───── Supplied data
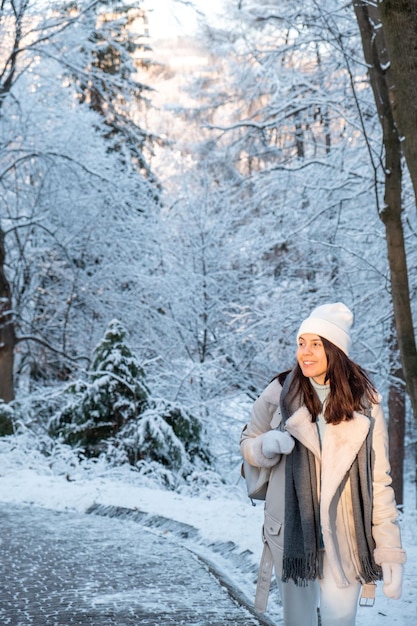 Donna sorridente che cammina nello spazio della copia del parco invernale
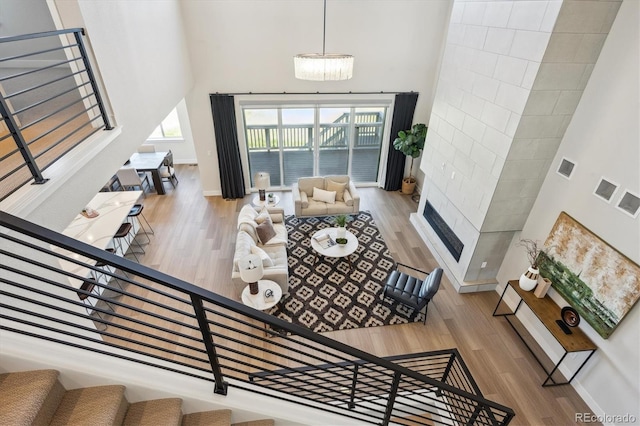 14337 Shasta Daisy Pt, Parker, CO 80134 - living room with a towering ceiling, wood finished floors, baseboards, stairs, and a glass covered fireplace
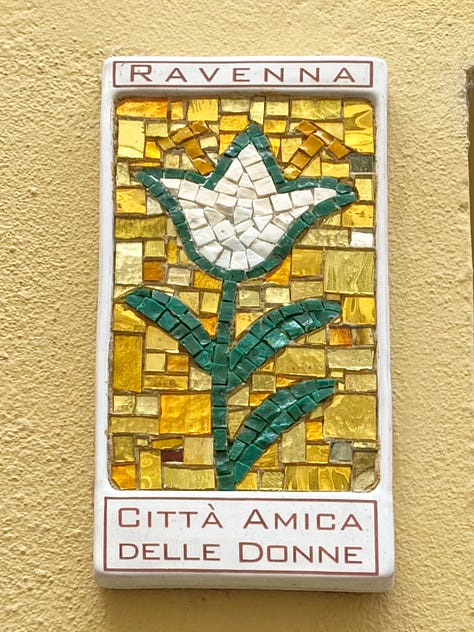 Three mosaic flower wall-plaques depicting a white lily, a white tulip and a poppy, with text declaring Ravenna to be a city friendly to women.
──────────
> Work to be completed
Only the lines from the one containing "14337 Shasta Daisy" through the final line of the data should be given again, exactly and without pictures.

> Solution to the problem
 14337 Shasta Daisy Pt, Parker, CO 80134 - living room with a towering ceiling, wood finished floors, baseboards, stairs, and a glass covered fireplace
 Three mosaic flower wall-plaques depicting a white lily, a white tulip and a poppy, with text declaring Ravenna to be a city friendly to women.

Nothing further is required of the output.